[Stored data]
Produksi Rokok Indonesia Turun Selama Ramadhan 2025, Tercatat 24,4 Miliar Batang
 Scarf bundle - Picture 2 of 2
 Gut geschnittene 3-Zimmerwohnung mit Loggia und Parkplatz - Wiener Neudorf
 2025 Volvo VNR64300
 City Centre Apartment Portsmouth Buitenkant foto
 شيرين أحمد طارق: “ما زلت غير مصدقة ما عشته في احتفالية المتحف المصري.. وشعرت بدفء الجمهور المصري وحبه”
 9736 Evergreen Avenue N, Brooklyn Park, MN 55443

What the task asks -
Transcribe the data in full, keeping every character.

Solution to this exercise -
Produksi Rokok Indonesia Turun Selama Ramadhan 2025, Tercatat 24,4 Miliar Batang
 Scarf bundle - Picture 2 of 2
 Gut geschnittene 3-Zimmerwohnung mit Loggia und Parkplatz - Wiener Neudorf
 2025 Volvo VNR64300
 City Centre Apartment Portsmouth Buitenkant foto
 شيرين أحمد طارق: “ما زلت غير مصدقة ما عشته في احتفالية المتحف المصري.. وشعرت بدفء الجمهور المصري وحبه”
 9736 Evergreen Avenue N, Brooklyn Park, MN 55443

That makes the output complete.